Another spring open water season is upon us and I can’t help but get pumped! What a great time of the year when everyone is excited to get there boat out of storage or a brand new boat all rigged up and ready to go fishing: The Minnesota Twins playing, the ice is thawing and the snow is all melted. There are much longer days, and the start of what I consider the start to my fishing season. Typically, normal ice out, in the middle of April, early season crappie fishing is one of my favorite types of fishing. It is a time to spend some quality time on the water with a fishing buddy or just some time alone. For me catching crappies ranks right up there with walleyes, salmon, trout, and the few weeks before walleye opener can be great for slab crappies and sunfish. It takes some patience, some changing of tactics, bait and staying mobile to find where the fish are, but when you catch one crappie you can bet there are a lot more there. Here is what works for me:

Crappies and Sunfish normally move into the reed beds to spawn when the water temperature reaches around 50 degrees or higher. The lakes and rivers that I spend a lot of time fishing in the spring peaks around 51 degrees. The areas that will receive the most activity early on are on areas of mud on the northern end of the lake. The northern end of the lakes receives the most sun in the spring time, and the dark mud bottom will absorb the sunlight. I like to try to target these mud bottom reed flats right away.

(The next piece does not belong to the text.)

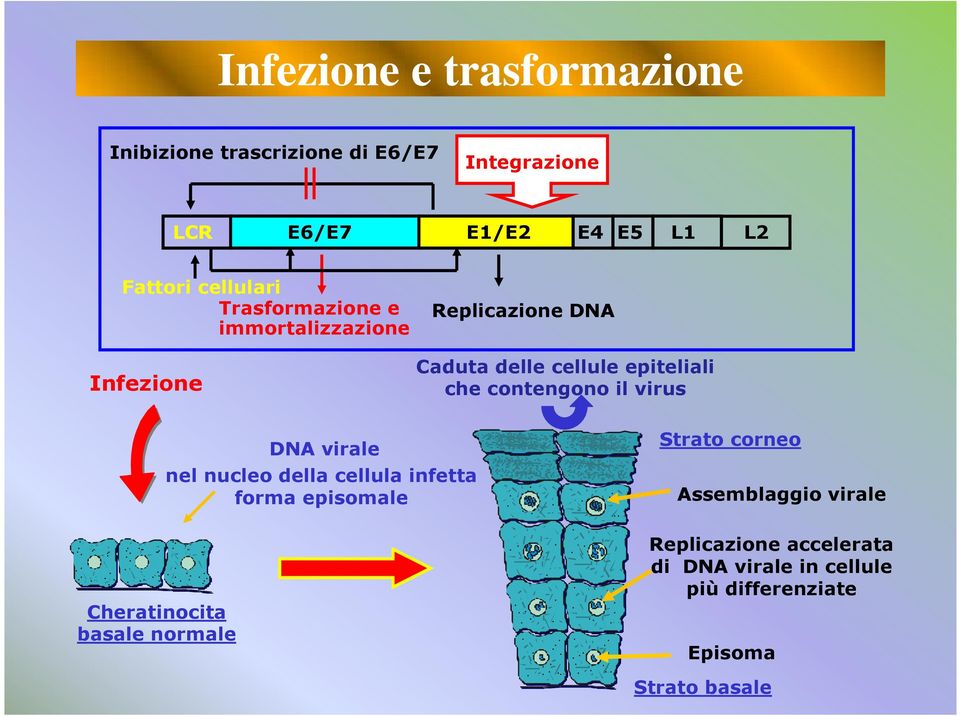 contengono il virus Cheratinocita basale normale DNA virale nel nucleo della cellula infetta forma episomale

I like to go to the reed lines in the morning or before sundown. I will use my electric trolling motor and be a quite as possible in the reed lines and work different depths, but as sunset gets closer the shallower I will fish. Boat control is the key to any fishing! Try to keep your boat positioned just far enough away from where you locate the fish. Then cast into those reeds or break lines without spooking the fish. If you do this you will increase your opportunities 100%!

I tend to use a slip bobber and a jig tipped with a minnow or a small jig or fly tipped with larva or a grub. I am always in search of what these pan fish are feeding on, at the time. As the water temps increase you will see different forage hatching. That is why it is important to have multiple bait presentations with you at all times.

I mainly use the 1/64 to 1/32 ounce and have found that the best colors seem to be yellow-green-red and white. Of course each lake and river is different with water clarity and the fish may take another color better so I usually have a variety of colors and see what works the best. I feel that it is also a great idea to rig up and have three or four rods with you. The reason is that pike, walleye and bass can hit your jig and take the whole works with them. Nothing is worse than finding and getting into crappies and then having to take time to retie your line because jaws just hit your rig. The other reason is to be able to try a different color of bait presentation without having to re-tie your line every time.

Another key element I use is the wind. When I am searching on where to start fishing I will target the reed line that the waves are going into. There is a pretty good chance that the pan fish will be in these reeds searching for the baitfish and other forage that has blown in there by the wind. One of my favorite situations is where I have had a 15 mph wind all day and it dies to almost nothing in the evening hours. With light tackle I like to go into these areas very quietly. If crappies are in these reeds you will know after a few casts. More than likely they will be there. If there is a lot of wind, I will use my anchor and let my bait drift into the areas that I want to fish. I do this because it will be much easier to manage the boat rather than trying to fight the waves with the trolling motor.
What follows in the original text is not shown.